Tuesday, March 29, 2005

Hormones!

Ahhh these crazy hormones of mine! I've only cried twice this morning so far. But then I've also been dancing around the house with the music blasting. I have the house to myself! At least for part of the day. Sophie's at school and Holden's sleeping.
How can you feel so helpless and overwhelmed one minute and then happy and confident 5 minutes later?!? I have to blame it on the hormones!!
Yesterday my mom left to go home and so it was my first real taste of what life is going to be like for me with two children. Sophie was pretty darn frustrating. I know she really just wanted my attention. She was getting into EVERYTHING and doing all kinds of things to make me mad. Everytime I had to change or feed Holden, Sophie was into something she wasn't supposed to, biting me, or pulling something down.
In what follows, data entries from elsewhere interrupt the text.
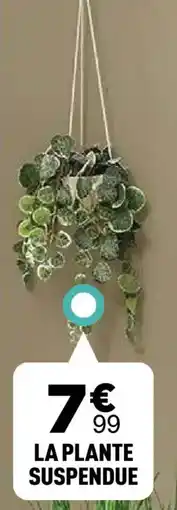 Centrakor La plante suspendue offre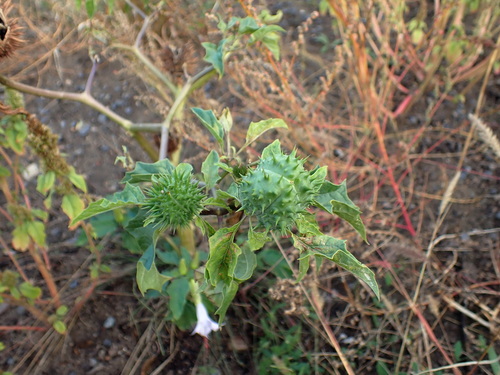 jimsonweed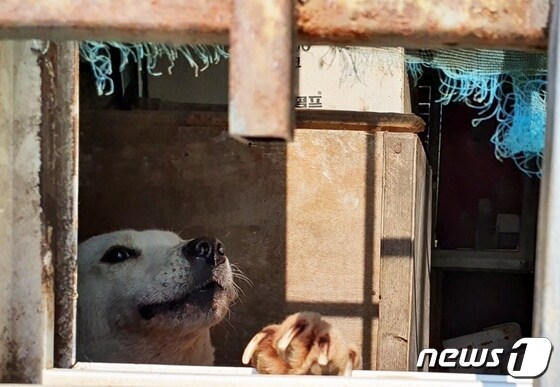 전남 해남군 모처에 살고 있는 A씨가 키우는 개. 컨테이너 안에 살아 관리를 잘 받지 못하고 있다. © 뉴스1 최서윤 기자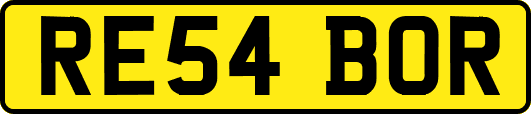 RE54BOR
I was in tears by the time Dw came home and we sat down for dinner. I know I must sound like a big wuss, but again I'm blaming the crazy raging hormones! I know it's them because while I was crying at dinner I'd look at Dwayne and bust out laughing. Laughing and crying at the same time!!! Has to be the hormones.

1 comment:

Anonymous said...

Hi Jackie,,,, I too went through the crying feeling lonely even when I was not alone. No one could make me happy for too long ..yes it is hormones. Sophie and Holden do not have any control over those nasty hormones are doing to their mommy . Maybe staying rational, firm and as clam as possible when those little hands get into forbidden places will be important. Sophie is probably just trying to make sense of all the changes that have and are taking place. You are a great mom !!! I have seen you in action!!! Love you.